Vasculitis, as has been described for EEE infections in guinea pigs and macaques, was not a significant feature of EEE in deer. ^17,19 Vasculitis has also been reported in a single case of naturally occurring EEE in a horse but was not detected in a more detailed IHC study of 2 horses. ^3,5 We observed microhemorrhages in 3 deer, a lesion also reported in humans, primates, dogs, and hamsters. ^1,4,11,13 Hemorrhages in hamsters were reportedly associated with vasculitis that was described as inflammatory cell infiltration into the vascular wall but otherwise lacked characteristic features such as fibrinoid necrosis. ¹³ We also did not detect viral antigen or nucleic acid in endothelial cells. Viral antigen, but not nuclei acid, was detected in neutrophils as has been previously reported in horses infected with EEE. ³ Similar to what we observed during our study, detection of viral nuclei acid has been limited to neurons in experimental studies in mice. ²¹ The inability to detect viral nucleic acid in neutrophils may simply reflect a lack of sensitivity of ISH to detect small amounts of virus or indicate an absence of replication of EEE virions in neutrophils and potential uptake of exogenous EEE virus antigen by neutrophils.

The absence of viral RNA in a large number of IHC-positive neurons may also be due to a higher likelihood of RNA degradation prior to tissue fixation or stronger cross-linking by prolonged fixation.

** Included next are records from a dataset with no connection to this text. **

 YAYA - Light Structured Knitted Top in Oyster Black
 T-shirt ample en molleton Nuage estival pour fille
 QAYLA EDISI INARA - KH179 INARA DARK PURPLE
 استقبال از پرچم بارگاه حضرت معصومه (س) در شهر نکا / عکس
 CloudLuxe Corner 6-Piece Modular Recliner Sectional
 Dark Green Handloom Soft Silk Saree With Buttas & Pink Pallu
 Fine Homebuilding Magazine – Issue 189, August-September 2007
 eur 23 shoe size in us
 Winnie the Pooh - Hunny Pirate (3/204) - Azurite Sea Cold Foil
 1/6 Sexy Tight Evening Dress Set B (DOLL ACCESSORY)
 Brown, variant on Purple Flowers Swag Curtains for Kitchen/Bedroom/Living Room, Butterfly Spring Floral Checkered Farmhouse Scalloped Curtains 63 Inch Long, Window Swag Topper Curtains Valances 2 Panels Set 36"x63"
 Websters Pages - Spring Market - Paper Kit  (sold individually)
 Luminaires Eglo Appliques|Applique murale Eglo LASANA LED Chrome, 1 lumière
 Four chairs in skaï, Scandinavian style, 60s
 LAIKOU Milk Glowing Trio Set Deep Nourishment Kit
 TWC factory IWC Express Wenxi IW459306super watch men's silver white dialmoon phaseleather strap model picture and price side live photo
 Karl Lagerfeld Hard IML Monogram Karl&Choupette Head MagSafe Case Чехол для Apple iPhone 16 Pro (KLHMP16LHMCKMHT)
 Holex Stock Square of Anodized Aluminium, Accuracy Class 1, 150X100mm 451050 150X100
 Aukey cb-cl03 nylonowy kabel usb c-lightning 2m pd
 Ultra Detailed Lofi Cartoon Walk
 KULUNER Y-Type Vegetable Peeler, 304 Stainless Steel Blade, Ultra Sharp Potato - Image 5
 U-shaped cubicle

This is especially a concern since the samples included in the study originated from deer that were euthanized or recovered in the field, and neither the time prior to tissue fixation nor the fixation time was consistent among these deer and significantly prolonged for some cases. Furthermore, the ISH probe detects genomic positive-sense viral RNA but should bind to generated messenger RNA. This would suggest that neurons at an earlier stage of EEE infection likely contain virions that are replicating at a high enough rate to meet the threshold for detection required by ISH. ¹⁵ In contrast, neurons in a later stage of replication contain large amounts of structural proteins in preparation for budding, which would also include more binding sites detectable by IHC. ¹⁵ The clinical presentation and the lesions in the brains of these deer indicate a more advanced stage of disease. This may explain the small number of ISH-positive neurons that were negative by IHC and most likely represent neurons in an early stage of infection, whereas the large number of neurons that were IHC positive and ISH negative may indicate neurons in a late stage of replication.

EEE in deer has been reported only in a single case prior to this cluster of cases. ^18,20 Considering the emphasis on large-scale surveillance for CWD in many locations throughout North America over the past few years, it is not surprising that more cases of neurologic disease in cervids have been submitted for diagnostic pathologic examination. Michigan has experienced endemic EEE in birds, horses, and people for more than 60 years. ² However, only in the past 10 years has large-scale ongoing surveillance for CWD been conducted in free-ranging deer in the state. This likely explains the detection of this localized outbreak of EEE in white-tailed deer. Interestingly, exposure of white-tailed deer to EEEV seems to be relatively common, and a recent study detected up to 19% serologic positive deer in some counties in Maine. ¹⁰ However, no viral nucleic acid was detected by RT-PCR in any of the brains collected. ¹⁰

Other important primary neurologic diseases affecting white-tailed deer include WNV, CWD, toxoplasmosis, bacterial meningitis or encephalitis, and meningeal worm infestation. ^9,20 Each of these conditions may result in similar neurologic signs in deer, which include ataxia, head tilt, circling, blindness, recumbency, and loss of wariness of humans. ^9,20 Although WNV can pose a significant diagnostic challenge based on microscopic examination only, the combination of routine histology with advanced molecular diagnostic testing such as RT-PCR, IHC, or ISH on sections of submitted brain can easily differentiate EEE from these diseases.